If you want to refer to the concepts Atomic implements, please cite it as follows.

Druskat, Stephan, Lennart Bierkandt, Volker Gast, Christoph Rzymski & Florian Zipser. 2014. Atomic: an open-source software platform for multi-layer corpus annotation. In Josef Ruppert and Gertrud Faaß (eds.): Proceedings of the 12th Konferenz zur Verarbeitung natürlicher Sprache (KONVENS 2014), Hildesheim, October 2014. 228–234. ISBN 978-3-934105-46-1. PDF

Atomic is an architectural prototype. It will be released for reference before the start of the Hexatomic project in autumn 2018.

Past experimental releases have been removed.

To receive updates about releases, please subscribe to the Atomic users mailing list: atomic-user. Subscribers to the list will be notified of any releases.

Atomic will be released under the open source Apache License, Version 2.0, so that you can use the software without restrictions, as well as contribute yourself.

Suggest a feature?

If you want to let us know what feature, new or better functionality you would like to see in a future release of Atomic, please create a new issue over at the Atomic GitHub site.

Alternatively, you can write us an email at atomic-feature-requests @ corpus-tools · org.

Found a bug?

If you have found something that doesn’t work, or doesn’t work as expected, please create a new issue over at the Atomic GitHub site.

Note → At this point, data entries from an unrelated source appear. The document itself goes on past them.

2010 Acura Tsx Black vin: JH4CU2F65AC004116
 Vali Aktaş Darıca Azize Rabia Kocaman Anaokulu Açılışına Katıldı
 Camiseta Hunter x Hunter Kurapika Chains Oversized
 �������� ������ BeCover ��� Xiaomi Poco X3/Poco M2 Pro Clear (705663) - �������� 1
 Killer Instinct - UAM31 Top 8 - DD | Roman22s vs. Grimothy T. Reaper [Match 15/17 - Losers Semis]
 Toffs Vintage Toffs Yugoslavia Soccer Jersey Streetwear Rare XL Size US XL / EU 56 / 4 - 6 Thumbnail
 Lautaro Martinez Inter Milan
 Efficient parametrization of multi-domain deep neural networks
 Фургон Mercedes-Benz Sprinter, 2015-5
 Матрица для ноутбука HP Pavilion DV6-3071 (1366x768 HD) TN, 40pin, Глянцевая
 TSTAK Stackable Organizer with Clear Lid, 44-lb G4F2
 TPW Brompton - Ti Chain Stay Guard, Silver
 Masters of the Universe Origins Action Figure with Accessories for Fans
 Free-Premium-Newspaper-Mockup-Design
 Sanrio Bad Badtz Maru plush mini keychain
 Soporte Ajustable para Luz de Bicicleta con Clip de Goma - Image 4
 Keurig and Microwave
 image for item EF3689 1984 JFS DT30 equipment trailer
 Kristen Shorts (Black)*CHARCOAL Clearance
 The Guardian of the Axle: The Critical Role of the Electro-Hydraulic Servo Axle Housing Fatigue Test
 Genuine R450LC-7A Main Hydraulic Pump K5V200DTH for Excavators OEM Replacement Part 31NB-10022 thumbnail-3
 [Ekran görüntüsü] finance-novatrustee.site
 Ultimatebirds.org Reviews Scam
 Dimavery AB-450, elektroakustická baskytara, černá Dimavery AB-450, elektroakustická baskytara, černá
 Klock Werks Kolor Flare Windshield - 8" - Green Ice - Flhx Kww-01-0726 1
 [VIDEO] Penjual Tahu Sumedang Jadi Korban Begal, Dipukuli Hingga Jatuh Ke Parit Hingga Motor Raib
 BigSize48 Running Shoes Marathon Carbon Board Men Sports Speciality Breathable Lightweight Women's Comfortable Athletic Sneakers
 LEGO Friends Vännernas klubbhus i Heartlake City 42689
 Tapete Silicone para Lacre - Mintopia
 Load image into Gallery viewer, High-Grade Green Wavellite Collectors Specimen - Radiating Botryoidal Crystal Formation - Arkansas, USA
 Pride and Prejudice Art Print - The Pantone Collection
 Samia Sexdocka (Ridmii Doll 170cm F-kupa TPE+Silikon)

Alternatively, you can write us an email at atomic-bugs @ corpus-tools · org.


Do you want to contribute actively to the development of Atomic? Write your own plugin? Add an editor? The Atomic source code is published at GitHub:

Feel free to fork or clone the sources and get started!

It would be great if you kept us updated on your ideas and enhancements! Please write an email to atomic @ corpus-tools · org.



For Atomic-related questions, please write a message to the atomic-user mailing list:

atomic-user @ listserv · uni-jena · de


For questions related to the LinkType research project, please consult the project website:

Keep up to date

Subscribe to the Atomic users mailing list: atomic-user.

Subscribe to the Atomic developers mailing list: atomic-dev.


The following information (Impressum) is required under German law.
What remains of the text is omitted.